Firstly, in some senses, O'Reilly understates the accomplishment of Yahoo! Pipes. UNIX pipes are fantastic, but textual representations lead to common linear topologies. Even the canonical program tee merely dumps output to a file, rather than duplicating the stream into a second pipe. UNIX pipes essentially allow you to glue two text apps together, with some fun filters like grep in between. Search all your source code for instances of blah and display in a text editor, or create a diff of a programming project and mail it to a grader. Anything more complex than this and you'll suddenly need to be writing code in C to arrange the programs and pipes, which quickly loses advantage and appeal. But there's a broad satisfaction among UNIX users with pipes; you can quickly write a program to perform a specific task without even thinking about programming -- it feels more like simply using the system than actually programming.
Yahoo's graphical representation allows you to easily construct entire assemblies, split pipelines apart, independently modify them and recombine them into something far better. This concept is no milestone -- done correctly, it's a monument. A monument to what, exactly? Things that a few years ago I dismissed as junk: XML, Webservices, etc. Yahoo pipes correctly uses XML as a programmer tool, able to analyze it's own data input formats while writing your program. If your feed has extra attributes, these become targets for rules later on in the pipe. This has been the most impressive use of XML I've seen to date. Pipes effectively lowers the Web Services bar from people familiar with Greasemonkey or XML Transformations down closer to sysadmin skills.
So Pipes is great in that it maintains the simplicity of the UNIX pipes model, while extending it in ways the old model could never have adapted to. Unfortunately, a year later, a lot of bugs that would have been forgivable at release continue to exist. For example, regular expressions were added as a way to mangle strings. For advanced uses, this is priceless. Sadly, they're not implemented correctly. I repeatedly run into a wall regarding their regexp Module. It's painful enough learning Perl-like regular expression syntax, but Yahoo!'s bugs make it downright impossible for experts to do things let alone novices. HTML isn't meant to be parsed in this manner, and many sites may resort to fighting Pipes (which has an opt out system for content owners) and knock-offs (which may not) by twiddling the code in ways that affect regular expressions but not more advanced grammars used in actual rendering.

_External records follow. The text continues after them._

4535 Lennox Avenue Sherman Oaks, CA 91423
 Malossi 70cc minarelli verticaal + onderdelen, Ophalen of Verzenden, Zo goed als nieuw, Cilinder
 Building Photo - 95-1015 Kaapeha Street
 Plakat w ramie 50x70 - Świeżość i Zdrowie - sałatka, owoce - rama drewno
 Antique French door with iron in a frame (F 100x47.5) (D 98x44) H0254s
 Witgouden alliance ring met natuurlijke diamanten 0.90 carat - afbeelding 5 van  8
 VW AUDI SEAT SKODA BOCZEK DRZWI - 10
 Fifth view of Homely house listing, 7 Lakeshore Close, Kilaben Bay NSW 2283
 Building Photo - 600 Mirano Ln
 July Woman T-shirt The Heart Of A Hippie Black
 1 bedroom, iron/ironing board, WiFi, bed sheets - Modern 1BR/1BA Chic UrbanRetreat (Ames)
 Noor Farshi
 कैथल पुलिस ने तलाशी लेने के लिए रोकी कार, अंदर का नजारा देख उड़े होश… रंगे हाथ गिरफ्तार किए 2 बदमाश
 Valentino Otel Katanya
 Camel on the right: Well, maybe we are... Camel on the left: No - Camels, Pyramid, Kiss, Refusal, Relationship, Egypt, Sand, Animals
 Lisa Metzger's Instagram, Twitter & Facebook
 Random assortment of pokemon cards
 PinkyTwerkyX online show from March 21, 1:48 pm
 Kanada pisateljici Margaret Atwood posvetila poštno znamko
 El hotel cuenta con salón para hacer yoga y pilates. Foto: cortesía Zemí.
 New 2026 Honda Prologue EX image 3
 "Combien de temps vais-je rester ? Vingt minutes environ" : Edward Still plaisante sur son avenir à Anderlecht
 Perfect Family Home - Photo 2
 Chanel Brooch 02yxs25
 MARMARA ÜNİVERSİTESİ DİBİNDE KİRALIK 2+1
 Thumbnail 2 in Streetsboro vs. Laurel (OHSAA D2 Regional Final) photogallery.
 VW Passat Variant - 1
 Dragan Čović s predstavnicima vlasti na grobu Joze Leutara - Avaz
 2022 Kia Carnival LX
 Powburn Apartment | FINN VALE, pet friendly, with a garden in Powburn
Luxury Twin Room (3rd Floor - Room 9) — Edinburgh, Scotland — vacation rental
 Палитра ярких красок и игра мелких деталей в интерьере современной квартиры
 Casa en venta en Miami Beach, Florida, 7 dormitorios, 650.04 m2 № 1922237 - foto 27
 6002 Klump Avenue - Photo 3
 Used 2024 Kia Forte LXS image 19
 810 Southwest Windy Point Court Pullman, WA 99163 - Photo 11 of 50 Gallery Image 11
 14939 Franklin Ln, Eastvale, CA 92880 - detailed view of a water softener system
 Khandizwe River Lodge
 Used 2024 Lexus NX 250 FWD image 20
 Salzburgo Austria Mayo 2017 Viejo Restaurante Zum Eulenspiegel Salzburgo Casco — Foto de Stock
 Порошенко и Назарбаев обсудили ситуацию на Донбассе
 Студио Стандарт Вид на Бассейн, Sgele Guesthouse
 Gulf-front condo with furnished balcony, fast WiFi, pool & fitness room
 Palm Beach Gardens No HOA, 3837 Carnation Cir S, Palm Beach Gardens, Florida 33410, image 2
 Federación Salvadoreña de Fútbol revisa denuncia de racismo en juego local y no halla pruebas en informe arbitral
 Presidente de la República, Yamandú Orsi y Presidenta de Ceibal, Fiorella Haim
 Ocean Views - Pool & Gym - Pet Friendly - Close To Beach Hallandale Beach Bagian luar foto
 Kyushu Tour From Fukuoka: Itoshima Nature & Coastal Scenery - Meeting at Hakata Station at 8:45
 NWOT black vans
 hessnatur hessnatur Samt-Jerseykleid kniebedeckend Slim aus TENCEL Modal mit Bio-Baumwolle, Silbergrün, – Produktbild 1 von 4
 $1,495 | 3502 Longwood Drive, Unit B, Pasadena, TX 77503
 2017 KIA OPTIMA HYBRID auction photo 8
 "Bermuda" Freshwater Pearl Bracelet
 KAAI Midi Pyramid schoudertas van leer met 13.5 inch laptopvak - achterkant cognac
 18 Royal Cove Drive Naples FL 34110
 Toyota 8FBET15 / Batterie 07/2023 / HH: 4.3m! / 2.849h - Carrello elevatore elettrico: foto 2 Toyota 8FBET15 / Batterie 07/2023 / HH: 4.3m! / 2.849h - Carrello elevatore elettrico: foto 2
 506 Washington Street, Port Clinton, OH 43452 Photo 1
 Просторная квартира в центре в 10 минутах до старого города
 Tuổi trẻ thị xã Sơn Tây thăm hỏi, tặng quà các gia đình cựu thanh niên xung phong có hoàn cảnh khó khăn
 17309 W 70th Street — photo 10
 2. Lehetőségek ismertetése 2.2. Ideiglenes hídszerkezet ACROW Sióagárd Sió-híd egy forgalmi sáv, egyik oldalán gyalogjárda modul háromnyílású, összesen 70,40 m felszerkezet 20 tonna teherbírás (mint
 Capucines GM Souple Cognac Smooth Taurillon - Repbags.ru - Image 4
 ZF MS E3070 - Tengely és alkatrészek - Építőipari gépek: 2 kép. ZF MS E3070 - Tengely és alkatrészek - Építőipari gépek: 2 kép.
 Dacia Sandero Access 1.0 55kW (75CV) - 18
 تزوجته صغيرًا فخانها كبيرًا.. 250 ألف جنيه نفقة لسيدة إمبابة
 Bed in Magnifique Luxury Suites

But this is not the only problem that comes up. I've constructed a fairly simple pipe that searches several RSS feeds for items, and formats them in a way that I can automate broadcatching with. One pipe, run with several different parameters. For reasons unknown to me, these pipes work fine in debugging mode, but in particular I get the same feed from two distinctly different parameters. I can only imagine that something is terribly broken in their caching scheme.
A third annoyance is that you can only use other modules as inputs. The beauty of UNIX pipes was that so many programs were "fittable" from either end. Yahoo! pipes cannot accept an anonymous standard input. Without this, every workaround you create must be duplicated in every pipe you need it for, and it's sometimes a typo bound endeavor.
Finally, the Pipes team is not at all on top of their beta tester user base. This is somewhat understandable when the comments are like "Pipes should have an easy HTML to RSS module!", but when you provide a test Pipe that clearly demonstrates simple bugs like regular expression case sensitivity, it sends a confusing signal to me. Are they not interested in fixing Pipes? Is there somehow a bigger problem I'm not seeing? Are the kinds of things I have in mind for Pipes simply not on the slated future of Pipes? A fellow Pipes user responds to my question:
I'm still not clear on how to alert the pipes development team about these issues.
If I was a Microsoft looking to evaluate the value Pipes adds to Yahoo!, these sorts of failings are not a good sign.
So now what?
I'm forced to conclude that Pipes is mostly a pipedream. In order to fix the many problems I'm encountering, I'll likely resort to abandoning Pipes in favor of running scripts locally. Plagger requires perl and is apparently a PITA to package. OCamlRSS has gone over a year since it's last update. This situation is slightly disappointing because with Pipes, the explanatory diagrams were the code. But for now I have more faith in my ability to translate hand drawn diagrams into code and perl regular expressions than Yahoo!s ability to deliver a working regExp system.